Não digo isso para cantar vitória antecipada nem para defender as cores de um partido em particular, mas para chamar a atenção para o fato de que há algo de novo no ar. Se os partidos não perceberem as mudanças de sentimento dos cidadãos e não forem capazes de expressá-las, essa possível onda se desfará na praia. O conformismo vigente até agora, que aceitava os desmando e corrupções em troca de bem-estar, parece encontrar seus limites. Recordo-me de quando Ulysses Guimarães e João Pacheco Chaves me procuraram em 1974 na instituição de pesquisas onde eu trabalhava, o Cebrap, pedindo ajuda para a elaboração de um novo programa de campanha para o partido que se opunha ao autoritarismo. Àquela altura, com a economia crescendo a 8% ao ano, com o governo trombeteando projetos de impacto e com a censura à mídia, pareceria descabido sonhar com vitória.

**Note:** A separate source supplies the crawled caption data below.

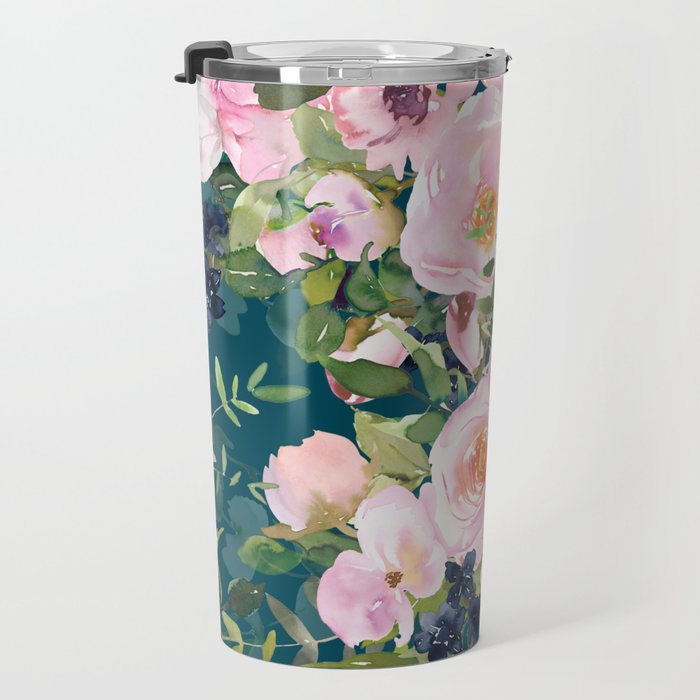Floral Watercolor Rose Garden, Teal and Pink,  Vintage, Wall Art Boho Travel Mug Gallery Image 3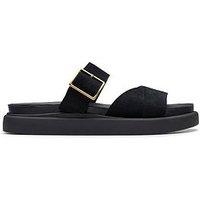 Clarks Aristella Mule Suede Sandal - Black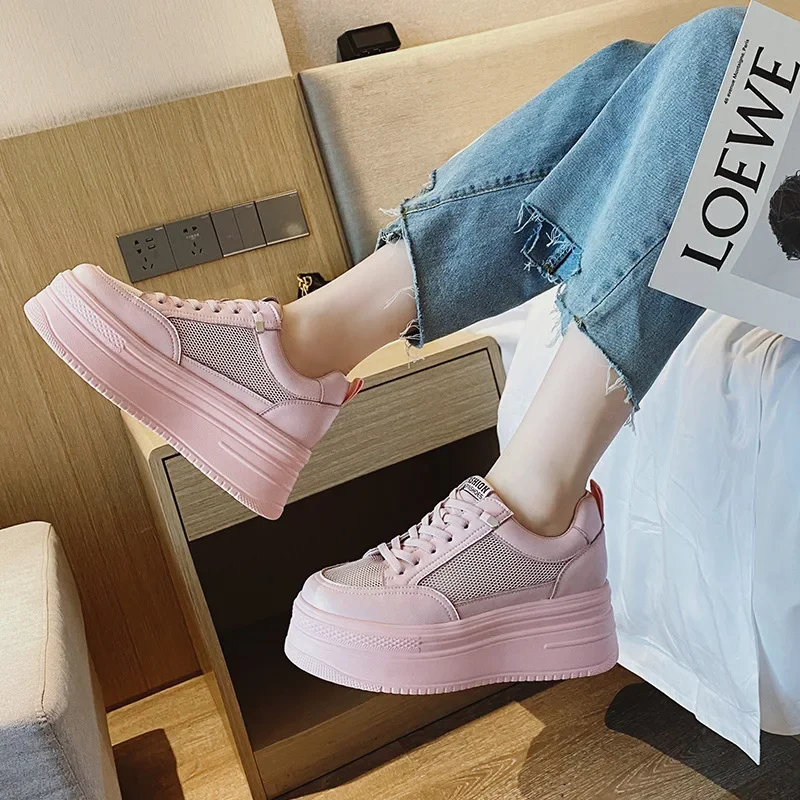 Maogu 2023 Woman Leisure Shoes Spring White Genuine Leather Women Casual Shoes Chunky Sneakers Platform Wedge 8cm Hidden Heel 34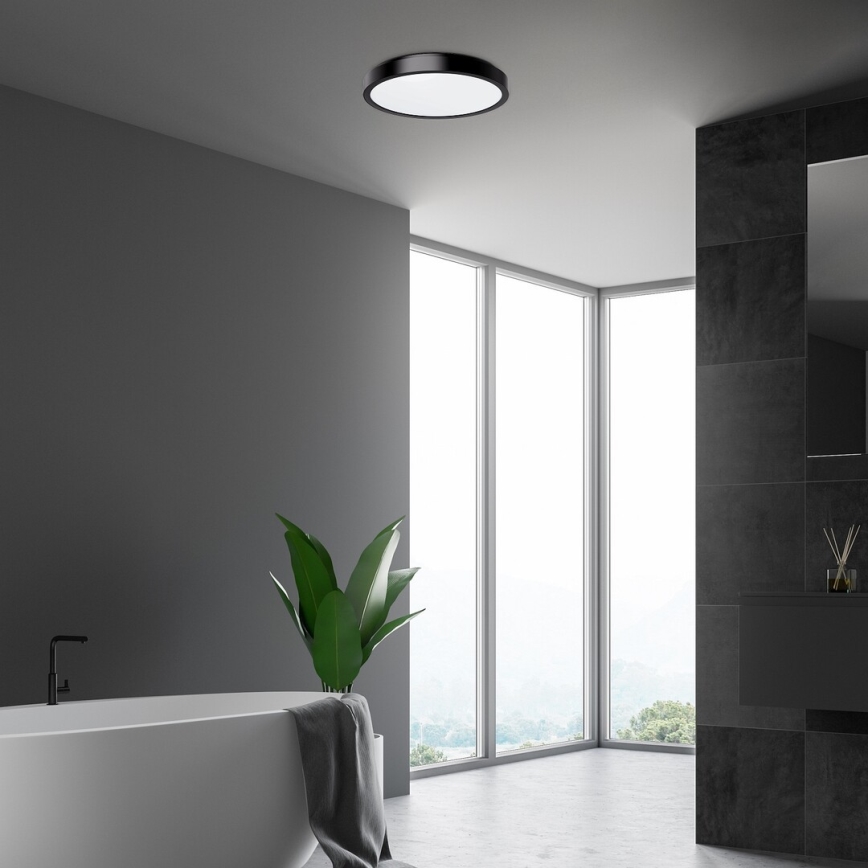 Rabalux - Plafón LED de baño LED/36W/230V IP44 4000K diá. 35 cm negro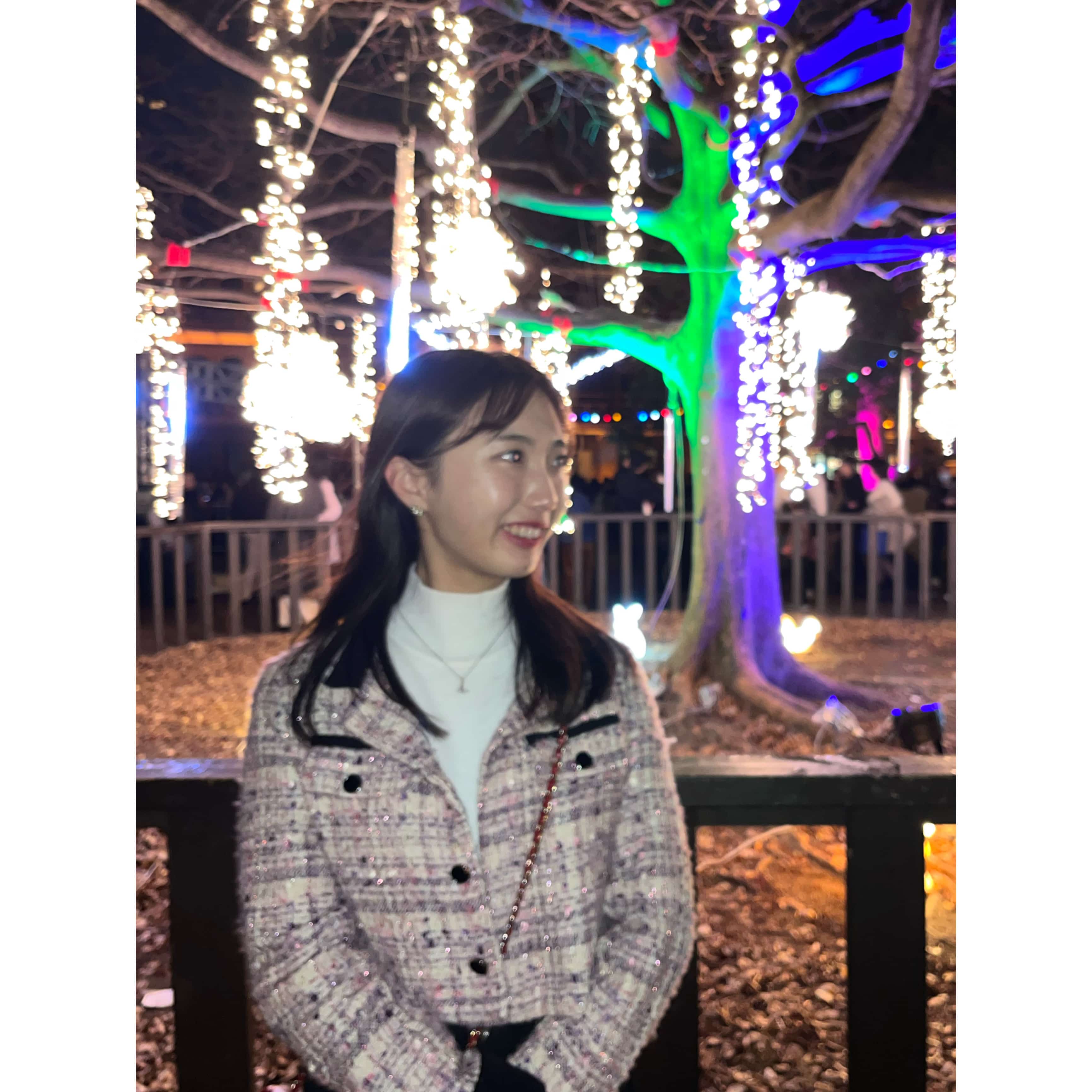 イルミネーション　ピンク　コート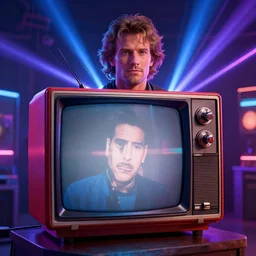 a hyperrealistic 3 d render of max headroom on a vintage tv, octane render, unreal engine, 8 k, photorealistic, trending on artstation, ultra detailed, volumetric lighting, dramatic lighting, lasers, neon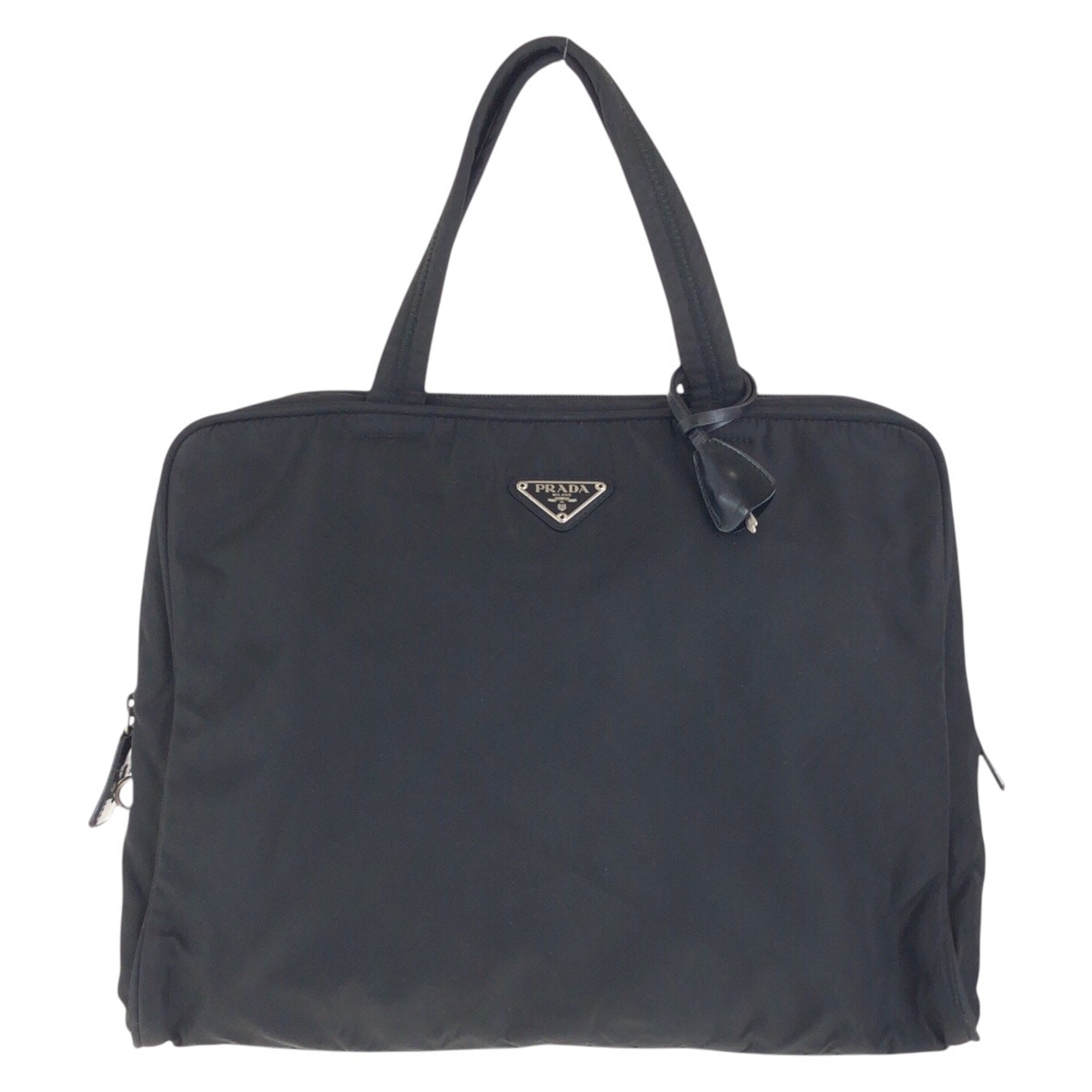 テスート 三角ロゴプレート ブラック 黒 シルバー金具 ナイロン トートバッグ ハンドバッグ レディース 502053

Pois bem, das 22 cadeiras em disputa para o Senado, o MDB ganhou 17. Os líderes democráticos da época sintonizaram com um sentimento ainda difuso, mas já presente, de repulsa ao arbítrio.
Faz falta agora, mirando 2014, que os partidos que poderão eventualmente se beneficiar do sentimento contrário ao oportunismo corruptor prevalecente, especialmente PSDB e PSB, se disponham, cada um a seu modo ou se aliando, a sacudir a poeira que até agora embaçou o olhar de segmentos importantes da população brasileira. Há uma enorme massa que recém-alcançou os níveis iniciais da sociedade de consumo que pode ser atraída por valores novos. Por ora atuam como “radicais livres” flutuando entre o apoio a candidatos desligados dos partidos mais tradicionais e os candidatos desses partidos. Quem quiser acelerar a renovação terá de mostrar que decência, democracia e bem-estar social podem novamente andar juntos. Para isso mais importantes que palavras são atos e gestos. Há um grito parado no ar. É hora de dar-lhe consequência.